When the AFT studied the NCLB, they found a mess. States have a jumble of assessment schemes, not necessarily based on the actual tests: eleven states match their tests with assessment. Sometimes the authors of the assessment schemes were asleep: one state uses the same standards for the second and eighth grades. [The previous Biweekly erroneously said that 70 % of the schools did not make Adequate Yearly Progress, when in fact it was 30 % that failed to do so.] When Paul Pederson of Harvard (he is the Henry Lee Shattuck Professor of Government and Director of the Program on Education Policy and Governance -- and Cortese described him as "NOT a friend of ours") looked at the NCLB, he concluded that Adequate Yearly Progress was an inaccurate school measure -- and in fact, Florida's results were indistinguishable from random.

Cortese concluded with a discussion of accountability. Schools that "fail" have two years to recover or face sanctions. Cortese did not go into the problem that "failure" might be a random event [readers may recall that some Florida schools got quite different evaluations at the state and federal levels], but instead proposed that schools in trouble should get assistance. Then she turned on the government, saying that if politicians provide inadequate resources, they should be held accountable. As an example, she said many urban districts lack texts and try to hoard them in strange ways (largely by keeping them out of the hands of students).
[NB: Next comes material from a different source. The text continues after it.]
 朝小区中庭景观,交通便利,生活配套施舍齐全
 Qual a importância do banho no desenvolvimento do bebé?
NEA Executive Committee Member Becky Pringle also addressed the effects of the NCLB Act. At present, no state is in compliance, which may be understandable as the federal government isn't either: as mentioned in the last Biweekly, the federal government has not fully funded the NCLB. Even more alarming, the mean deficit is increasing:
spacer For fiscal year 2002, $ 4.2 billion
spacer For fiscal year 2003, $ 5.4 billion
spacer For fiscal year 2004, $ 7.6 billion
spacer For fiscal year 2005, $ 9.8 billion
spacer For fiscal year 2006, $ 13.4 billion
Pringle then outlined outlined seven classes of criteria for accountability that the NEA would be pursuing:

  1. Experience beyond the school, from Pre-K to after school, including counseling and health.
  2. High expectations and standards in a rich and comprehensive curriculum that includes music, social studies, etc.
  3. Physical and work conditions, from supplies and infrastructure to time for planning.
  4. A qualified, stable, caring and dedicated workforce.
  5. Shared responsibility and accountability for all participants -- including the politicians.
  6. Parental, family, and community involvement and engagement.
  7. The necessary funding to make all this work, equitably appropriated.
Pringle then went on to the NEA's priorities, beginning with accountability (using broader measures than those proposed by the NCLB), class size, and attracting qualified personnel with better compensation and work conditions.
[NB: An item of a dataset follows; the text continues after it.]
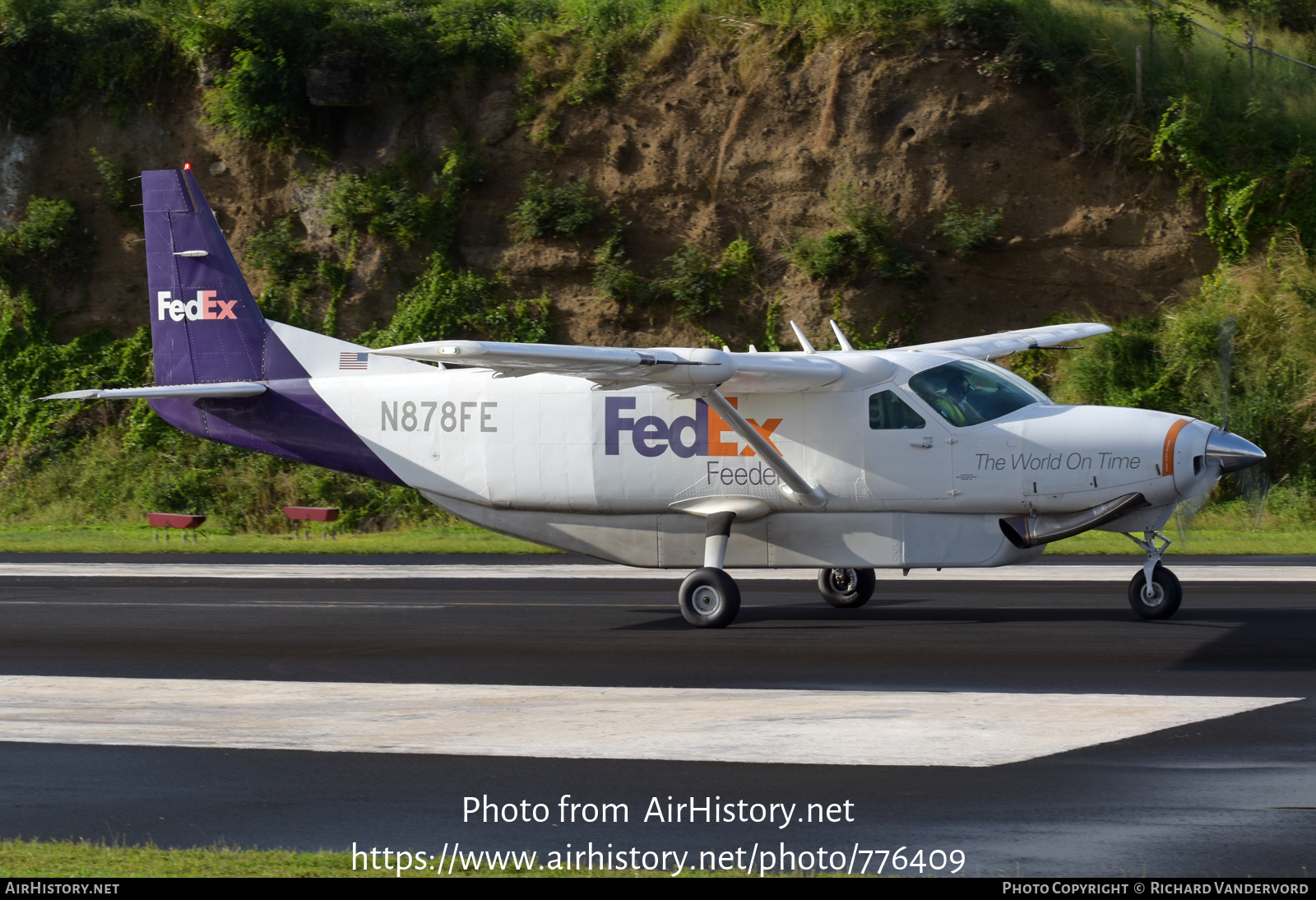 Aircraft Photo of N878FE | Cessna 208B Super Cargomaster | FedEx Feeder | AirHistory.net #776409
The issue affects higher education in at least two ways. First, freshmen are increasingly students who have been taught courses designed to prepare them for particular standardized tests -- not for the next course or any other such distant goal. Second, testing enthusiasts are touting standardized exams for higher education, which would result in pressure on us to teach to such exams.

The Long Range Plan

One of the primary duties of the leadership of a university is to plan for the future. Such plans should not be too rigid -- the Duke of Wellington once ascribed his victory at Waterloo to his own habit of making plans out of string while Napoleon made plans out of wire -- but it should at least be descriptive enough to keep us honest and to keep our eyes on the ball.

That brings us to USF's plan. Like many institutions, USF has a Strategic Plan. This plan describes USF's goals for five years, at the end of which one would expect an assessment of progress made, and the development of a new plan. The period of the 2002 - 2007 plan is coming to an end, and the 2007 - 2012 plan is being formulated. The old plan is on-line, as is a UFF commentary on it.
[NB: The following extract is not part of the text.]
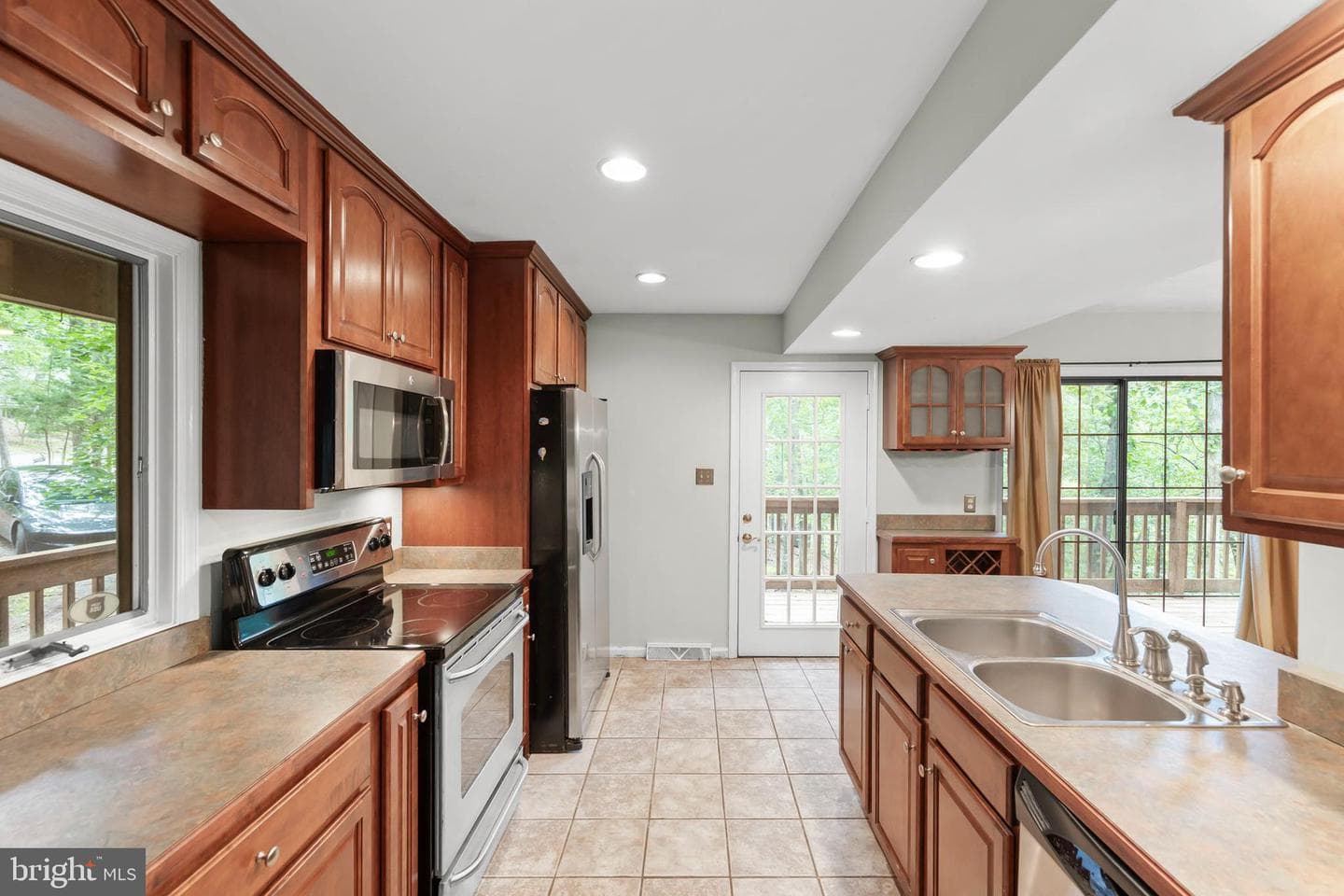 1317 Lakeview Drive photo 3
We are now in the midst of a comment period: the Administration has posted a draft, and has requested comments by November 24. UFF does not have an official role here -- although we do retain the right to submit comments -- but we do have some unsolicited advice.

First of all, while some of the plan is actually carried out by the Administration and the Board (e.g., obtaining and allocating funds), much of it is either the direct (amount of research done) or indirect (number of external honors awarded) result of faculty activity. That means that the new plan needs more than faculty comments. It needs faculty involvement. There are two reasons for this.

First, there is a common bureaucratic delusion that confuses action and activity. Just because some body composes a plan doesn't mean that it will happen -- not even if (by some miracle) necessary funding appears. The planners need to know what faculty are doing and where they are going in order to build on success rather than on thin air.

Second, a plan presented from on high with much pomp and condescension has only the Powers That Be committed to it: if faculty had no part in actually developing it, why should we be committed to it? The same goes for the community, and the Board should not make the mistake that it is the community incarnate (any more than that the Administration is the university incarnate), and a plan produced behind closed doors does not have any community commitment.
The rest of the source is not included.